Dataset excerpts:
▬▬▬▬▬▬▬▬▬▬
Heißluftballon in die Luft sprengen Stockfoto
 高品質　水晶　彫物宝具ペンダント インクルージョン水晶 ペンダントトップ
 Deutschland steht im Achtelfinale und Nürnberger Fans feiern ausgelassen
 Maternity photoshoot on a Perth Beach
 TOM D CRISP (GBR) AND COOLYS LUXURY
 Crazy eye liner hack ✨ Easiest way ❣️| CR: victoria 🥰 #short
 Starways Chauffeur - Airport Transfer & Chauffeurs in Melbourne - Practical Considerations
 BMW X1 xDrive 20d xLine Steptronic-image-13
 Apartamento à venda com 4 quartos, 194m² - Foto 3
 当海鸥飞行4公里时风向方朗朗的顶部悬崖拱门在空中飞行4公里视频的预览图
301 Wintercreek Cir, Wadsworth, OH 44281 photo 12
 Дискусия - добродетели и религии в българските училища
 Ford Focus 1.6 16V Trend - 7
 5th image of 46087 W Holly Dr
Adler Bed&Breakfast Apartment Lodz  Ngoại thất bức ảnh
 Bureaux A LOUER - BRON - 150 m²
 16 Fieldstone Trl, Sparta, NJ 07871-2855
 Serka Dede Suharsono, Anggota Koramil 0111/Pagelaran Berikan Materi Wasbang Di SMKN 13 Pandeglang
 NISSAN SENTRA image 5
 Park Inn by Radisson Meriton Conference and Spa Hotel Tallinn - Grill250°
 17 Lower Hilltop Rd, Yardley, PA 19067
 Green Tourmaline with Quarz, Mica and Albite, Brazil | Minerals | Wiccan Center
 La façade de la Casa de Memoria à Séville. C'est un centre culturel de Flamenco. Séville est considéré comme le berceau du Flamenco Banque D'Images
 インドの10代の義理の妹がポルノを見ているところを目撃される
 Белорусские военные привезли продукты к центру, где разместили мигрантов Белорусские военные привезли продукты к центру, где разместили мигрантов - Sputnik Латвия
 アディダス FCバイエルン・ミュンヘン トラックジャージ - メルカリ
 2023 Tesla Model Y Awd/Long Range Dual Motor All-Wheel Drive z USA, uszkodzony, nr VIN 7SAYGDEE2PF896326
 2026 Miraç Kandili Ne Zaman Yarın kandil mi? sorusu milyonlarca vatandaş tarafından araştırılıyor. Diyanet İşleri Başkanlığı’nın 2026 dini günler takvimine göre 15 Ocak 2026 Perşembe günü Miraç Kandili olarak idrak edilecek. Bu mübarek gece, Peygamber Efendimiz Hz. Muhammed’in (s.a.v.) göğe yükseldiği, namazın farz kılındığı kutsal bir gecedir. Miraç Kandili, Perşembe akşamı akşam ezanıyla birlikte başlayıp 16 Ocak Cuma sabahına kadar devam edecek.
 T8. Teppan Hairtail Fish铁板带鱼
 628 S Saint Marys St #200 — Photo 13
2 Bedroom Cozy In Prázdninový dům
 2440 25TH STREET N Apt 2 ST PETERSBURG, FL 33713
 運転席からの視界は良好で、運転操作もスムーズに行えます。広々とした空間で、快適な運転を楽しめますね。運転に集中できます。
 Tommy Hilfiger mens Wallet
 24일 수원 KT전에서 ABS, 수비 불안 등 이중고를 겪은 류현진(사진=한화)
▬▬▬▬▬▬▬▬▬▬
» WHAT THE EXERCISE ASKS
Extract every line above exactly as it stands.

» ANSWER FOR THIS EXERCISE
Heißluftballon in die Luft sprengen Stockfoto
 高品質　水晶　彫物宝具ペンダント インクルージョン水晶 ペンダントトップ
 Deutschland steht im Achtelfinale und Nürnberger Fans feiern ausgelassen
 Maternity photoshoot on a Perth Beach
 TOM D CRISP (GBR) AND COOLYS LUXURY
 Crazy eye liner hack ✨ Easiest way ❣️| CR: victoria 🥰 #short
 Starways Chauffeur - Airport Transfer & Chauffeurs in Melbourne - Practical Considerations
 BMW X1 xDrive 20d xLine Steptronic-image-13
 Apartamento à venda com 4 quartos, 194m² - Foto 3
 当海鸥飞行4公里时风向方朗朗的顶部悬崖拱门在空中飞行4公里视频的预览图
301 Wintercreek Cir, Wadsworth, OH 44281 photo 12
 Дискусия - добродетели и религии в българските училища
 Ford Focus 1.6 16V Trend - 7
 5th image of 46087 W Holly Dr
Adler Bed&Breakfast Apartment Lodz  Ngoại thất bức ảnh
 Bureaux A LOUER - BRON - 150 m²
 16 Fieldstone Trl, Sparta, NJ 07871-2855
 Serka Dede Suharsono, Anggota Koramil 0111/Pagelaran Berikan Materi Wasbang Di SMKN 13 Pandeglang
 NISSAN SENTRA image 5
 Park Inn by Radisson Meriton Conference and Spa Hotel Tallinn - Grill250°
 17 Lower Hilltop Rd, Yardley, PA 19067
 Green Tourmaline with Quarz, Mica and Albite, Brazil | Minerals | Wiccan Center
 La façade de la Casa de Memoria à Séville. C'est un centre culturel de Flamenco. Séville est considéré comme le berceau du Flamenco Banque D'Images
 インドの10代の義理の妹がポルノを見ているところを目撃される
 Белорусские военные привезли продукты к центру, где разместили мигрантов Белорусские военные привезли продукты к центру, где разместили мигрантов - Sputnik Латвия
 アディダス FCバイエルン・ミュンヘン トラックジャージ - メルカリ
 2023 Tesla Model Y Awd/Long Range Dual Motor All-Wheel Drive z USA, uszkodzony, nr VIN 7SAYGDEE2PF896326
 2026 Miraç Kandili Ne Zaman Yarın kandil mi? sorusu milyonlarca vatandaş tarafından araştırılıyor. Diyanet İşleri Başkanlığı’nın 2026 dini günler takvimine göre 15 Ocak 2026 Perşembe günü Miraç Kandili olarak idrak edilecek. Bu mübarek gece, Peygamber Efendimiz Hz. Muhammed’in (s.a.v.) göğe yükseldiği, namazın farz kılındığı kutsal bir gecedir. Miraç Kandili, Perşembe akşamı akşam ezanıyla birlikte başlayıp 16 Ocak Cuma sabahına kadar devam edecek.
 T8. Teppan Hairtail Fish铁板带鱼
 628 S Saint Marys St #200 — Photo 13
2 Bedroom Cozy In Prázdninový dům
 2440 25TH STREET N Apt 2 ST PETERSBURG, FL 33713
 運転席からの視界は良好で、運転操作もスムーズに行えます。広々とした空間で、快適な運転を楽しめますね。運転に集中できます。
 Tommy Hilfiger mens Wallet
 24일 수원 KT전에서 ABS, 수비 불안 등 이중고를 겪은 류현진(사진=한화)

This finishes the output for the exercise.